I gave a talk at the “Promoting and Resisting Westernization in Meiji Japan” symposium this past weekend at Scripps College in Claremont, CA. The symposium, associated with the opening of an exhibition titled “Chikanobu: Modernity and Nostalgia in Japanese Prints,” was a lot of fun and included a diverse mix of art historians, historians, and religious studies scholars. The dominant analytical themes were, not surprisingly, “nostalgia,” taken from the catalog and exhibition, and “resisting and promoting Westernization,” taken in part from William Steele’s opening lecture on the “Civilization and Enlightenment” critic Sada Kaiseki.
The proceedings included a few surprises for me, one of which was that the basic opposition of promoting and resisting Westernization, as if Westernization were a coherent and tangible thing, went relatively unchallenged. This seems a bit like piling one problematic binary structure on top of another. I think the organizers intended the name of the symposium to become fodder for analysis, but instead the idea that Westernization and tradition stood in stark contrast, and that people alive during Meiji could be categorized as either promoters or resisters (what I like to think of as the “cheerleader” vs. “rebel” model of Meiji ideology), didn’t really endure much sustained probing. (Maybe we were all too busy looking at the woodblock prints, many of which I hadn’t seen before.)
Today I was back in the classroom teaching “Modern Japan” and I found myself remembering the way that this binary had been taught in my undergraduate days: as a pendulum of public opinion, swinging back and forth between pro- and anti-Westernization. This was a clear and easy hermeneutic to follow when I was 19, but it seems to me now that for many in Meiji the reality was a hybrid culture that emerged from shifting engagement with new ideas, technologies, and people from all over the world. When Kyoto held the first domestic exposition or hakurankai in 1871, it was engaging in a practice that had been learned, in some ways, from the phantasmagoric International Expositions that had been held in Europe and that would soon also be held in America, to be sure. But as Peter Kornicki has shown in his 1994 Monumenta Nipponica article, ample domestic precendents existed. Wannabe industrialists as well as tea masters organized that event, and both were trying to make sense of recent political changes and new socioeconomic opportunities. Of course the dialectic of “bunmei kaika” and “tradition” was an important part of Meiji discourse, but weren’t both of these ideas fundamentally part of Japan’s modernity and thus not really in opposition?
This is, I know, an old debate, but I’m wondering how people deal with this in the classroom? How, when you have to cover a period of time like 1868 to the present, or 1600 to 1945, or however you structure a course on Modern Japan, do you devote ample time to teasing out these lived complexities?
I ignore them.
Seriously, when I talk about “conservatives” (or liberals, for that matter) I always try to define very carefully what that means at whatever time I’m talking about, and nowhere does it get weirder, I think, than Imperial-era Japan. When I’m talking about culture… well, “syncretic” is my favorite word, all my students will tell you. “Tradition” is a conscious choice (so is change, most of the time), particularly in eras where change is happening quickly, but it’s so rarely a pure thing that there’s little value in creating dichotomies.

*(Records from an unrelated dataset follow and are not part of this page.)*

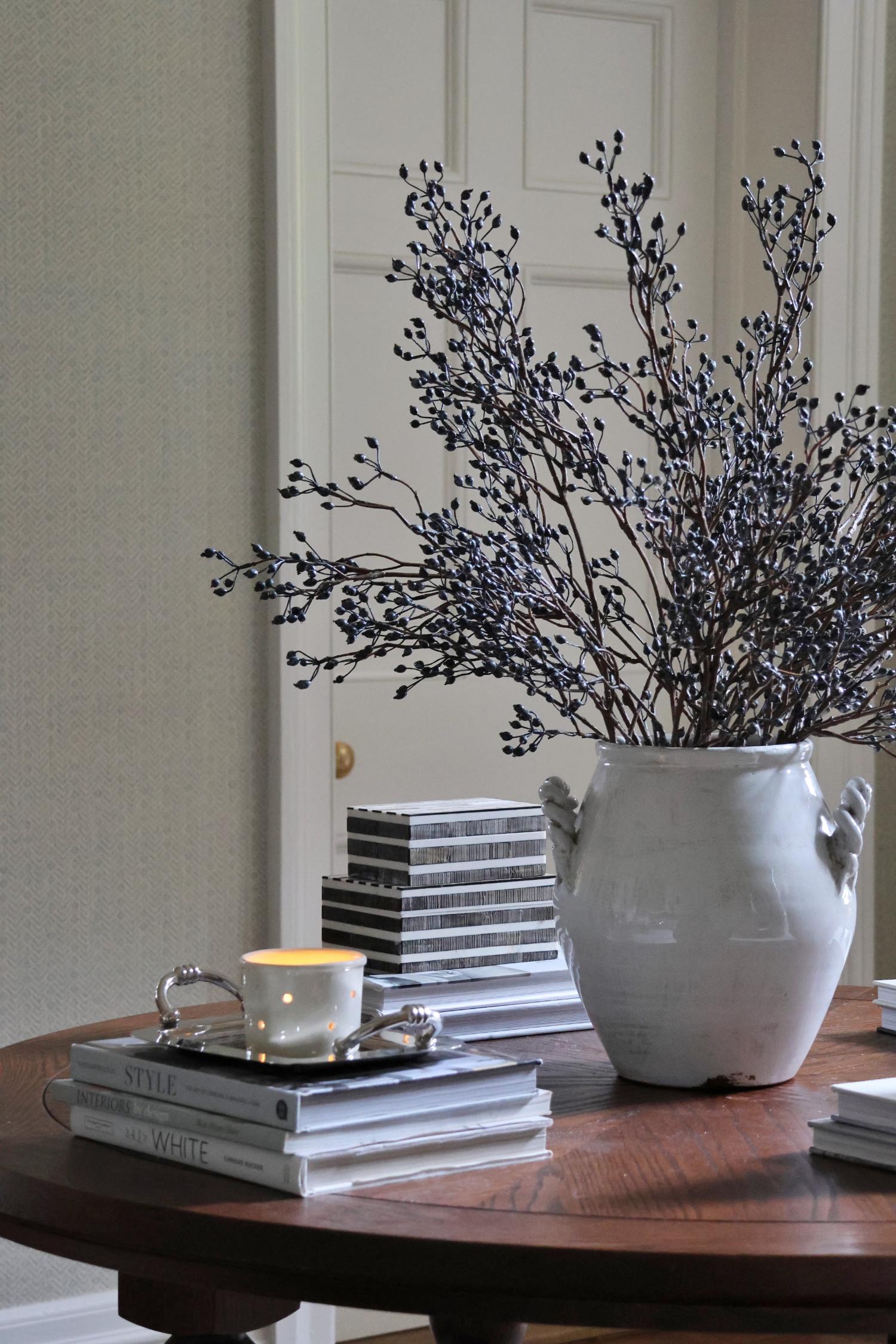 Faux Blue Berry Branch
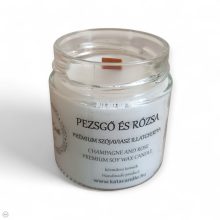 Pezsgő és rózsa prémium szójaviasz illatgyertya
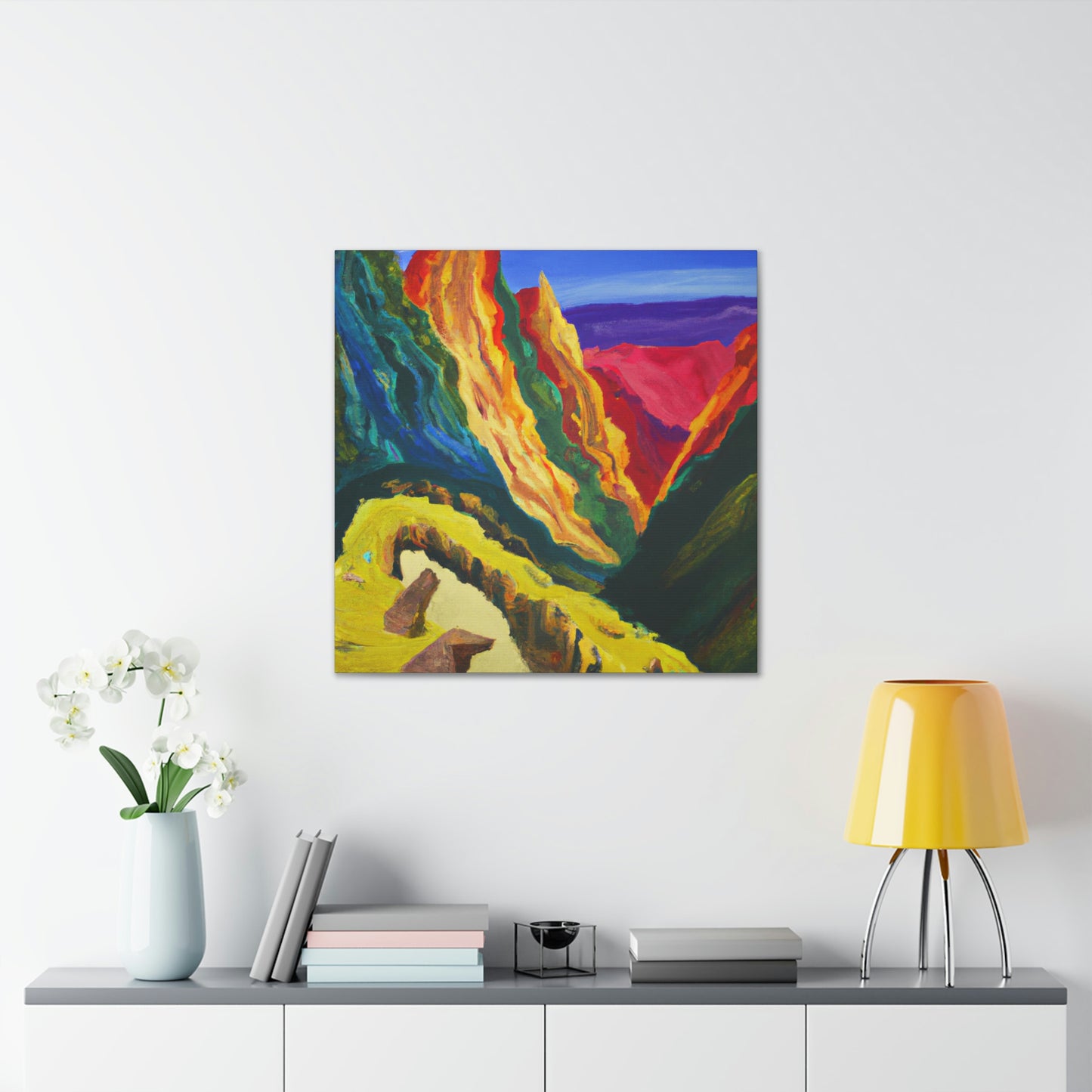 Desert Rock Reverie - Canvas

I’ve gotten to the point now that I hardly ever use the term “traditional” without quotation marks (you can hear them in the classroom, actually), and without noting explicitly when the tradition in question dates from. They all have origins, and they all stem from ongoing functional decisions, and when you look at it that way, the issue drops away, at least one layer of it.
I actually do some of the tradition and modernity stuff. Actually, I’m doing it on Monday, so I guess this is a good time to think about it. Part of it is that I like to give them some idea of the historiography. Part of it is that at least some of the people at the time used language like that, and it helps to explain what it might mean. Maybe most importantly I think it helps to have some idea what you are being syncretic with. Lots of people in Meiji Japan really do seem to have thought they were going from and old Japan to a new one, and while the old tradition/modernity thing does not work to explain what they were thinking it does give you a start.
Actually, I find myself doing more tradition and modernity as the textbooks do less of it. One of the annoying things about the newer books is that as they do less and less of the old “Tokugawa society 1-2-3” I have to do more of it to give some structure to things.